Here’s a great question from Concetta
How to set boundaries with superiors? As a middle manager, I often get pushed to my limits on what I can do (and then some), but constantly feel as if I can’t say no or push the boundary because they are of course holding my job hostage. Other things I’ve actually reduced from my reportees to give boundaries like no email between 7 pm and 7 am, using tech tools to reduce their need to be online, etc.
It’s a very common issue for frontline staff and for middle managers. (Even CEO’s might have a similar question in reference to setting boundaries with their board of directors.)
Boundaries are like scaffolding
In 2021, we watched a house across the street be built. As I watch the house go up I noticed that once the framing is up, in comes the team to erect scaffolding…
While a roof, walls and even insulation are obvious boundaries that houses hold. Simplistically, they protect the inhabitants from the outside elements.
Scaffolding however, reminds me of the boundaries we set for ourselves. The scaffolding that’s gone up is for the safety of those putting up the next elements of the house. It provides a platform for work to happen; it’s sturdy; it can be kept in place for as long as required; and can be adjusted for the situation.
Boundaries and scaffolding are all about a clear understanding of what is part of a role and what isn’t. This includes agreement and acceptance: contractually the scaffolding is required for construction and safety. Boundaries are required for reasonable work workload management.
[I’m focusing on workload boundaries in this instance. Boundaries can also be applied to space, physical, religion, possessions, sexuality, etc.]
A boundary might not be liked by those who must comply with them. I’m aware of some builders who feel constrained trying to move and get around scaffolding however they need to adjust. Additionally, the scaffolding certainly didn’t add to the street appeal (yes, it’s temporary). Even so, over time it would no doubt fade into the environment as everyone would get use to it being there.
Acceptance of boundaries is key and crossing them needs to be addressed. So too, not working with and complying to the scaffolding can have dire consequences.
Strategies for setting upward boundaries
Check out the strategies below, some may be more relevant for your situation and others less so. Next week, I’ll share more on identifying and practice setting boundaries.
1. Empathy – the pressure on you is coming from somewhere
Start from a place of empathy.

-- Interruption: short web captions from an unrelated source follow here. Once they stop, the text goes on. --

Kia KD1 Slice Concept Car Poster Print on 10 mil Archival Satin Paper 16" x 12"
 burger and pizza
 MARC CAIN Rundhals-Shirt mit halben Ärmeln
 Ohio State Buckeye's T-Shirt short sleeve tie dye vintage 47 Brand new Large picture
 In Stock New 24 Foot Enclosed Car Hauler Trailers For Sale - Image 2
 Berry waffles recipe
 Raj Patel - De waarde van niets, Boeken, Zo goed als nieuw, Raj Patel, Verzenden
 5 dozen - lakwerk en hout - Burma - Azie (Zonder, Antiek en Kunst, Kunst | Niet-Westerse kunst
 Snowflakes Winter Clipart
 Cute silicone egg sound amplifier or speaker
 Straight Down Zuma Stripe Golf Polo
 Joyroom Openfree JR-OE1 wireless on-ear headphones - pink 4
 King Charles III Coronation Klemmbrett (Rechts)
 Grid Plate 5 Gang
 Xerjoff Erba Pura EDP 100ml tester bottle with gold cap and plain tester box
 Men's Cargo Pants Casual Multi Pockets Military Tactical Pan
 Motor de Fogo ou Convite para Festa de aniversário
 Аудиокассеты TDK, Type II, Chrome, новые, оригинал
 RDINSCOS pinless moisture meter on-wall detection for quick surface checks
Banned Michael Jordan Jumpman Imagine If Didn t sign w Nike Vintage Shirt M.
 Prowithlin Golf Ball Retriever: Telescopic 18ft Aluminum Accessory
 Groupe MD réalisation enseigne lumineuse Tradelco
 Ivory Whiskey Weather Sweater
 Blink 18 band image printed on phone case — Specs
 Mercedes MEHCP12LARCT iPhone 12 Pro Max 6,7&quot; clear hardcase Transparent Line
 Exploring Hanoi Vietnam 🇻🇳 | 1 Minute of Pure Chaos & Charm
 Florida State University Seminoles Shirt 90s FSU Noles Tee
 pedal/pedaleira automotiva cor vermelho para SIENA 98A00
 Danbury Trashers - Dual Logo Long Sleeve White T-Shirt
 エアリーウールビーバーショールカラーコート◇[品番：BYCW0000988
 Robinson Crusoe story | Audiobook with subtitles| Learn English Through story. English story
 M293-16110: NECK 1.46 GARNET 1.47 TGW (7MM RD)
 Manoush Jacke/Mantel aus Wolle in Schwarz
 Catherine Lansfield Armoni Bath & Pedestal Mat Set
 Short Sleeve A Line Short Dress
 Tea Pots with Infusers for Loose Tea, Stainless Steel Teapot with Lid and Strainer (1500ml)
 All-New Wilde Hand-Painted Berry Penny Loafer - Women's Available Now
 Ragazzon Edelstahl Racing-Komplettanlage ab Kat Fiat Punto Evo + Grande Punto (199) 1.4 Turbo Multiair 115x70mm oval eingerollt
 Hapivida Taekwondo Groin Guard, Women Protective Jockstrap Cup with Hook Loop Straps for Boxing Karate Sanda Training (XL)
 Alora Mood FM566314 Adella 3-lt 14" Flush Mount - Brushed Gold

It may be a bit challenging to have empathy for some bosses but it’s a good place to start. When a boss keeps piling on the work, take a moment to consider where the pressure is really coming from: is that boss having pressure piled onto them? What’s happening at the broader organisational or business or even industry level that gives clues as to where the pressure is being driven from.
If the relationship with your boss is strong and open, they may appreciate some acknowledgement that they too have pressure on them. You could say something along the line of…
“There’s just so much work to do, I guess you are getting a lot of pressure put onto you.”
From a place of empathy you can invite a conversation about priorities. When another task gets handed over to you, with a calm and positive tone, ask to discuss and review the current priorities. With an intent that seeks to understand your boss’ priorities and your boss gets to be aware of your priorities you could discuss and agree what can be dropped, parked, delegated and done first.
3. Identify, Set and Communicate boundaries
It’s hard to have boundaries without some dedicated thinking about what boundaries are right for you, your work and your values. Next week we’ll unpack this more, so before then, if you are unclear of what your boundaries are, spend this week with deliberate attention to identify what might be your boundaries.
Once identified you are better placed to set and communicate exactly what you want. Have you ever listened to someone who hasn’t thought through what they’ve wanted to say first. This is the same for boundaries. The clearer you are the better you’ll be able to communicate them.
4. Will rather than Won’t
When boundaries are being challenged and work is being piled on, as you discuss the priorities of this new work in alignment with your current work, aim to discuss what you will do.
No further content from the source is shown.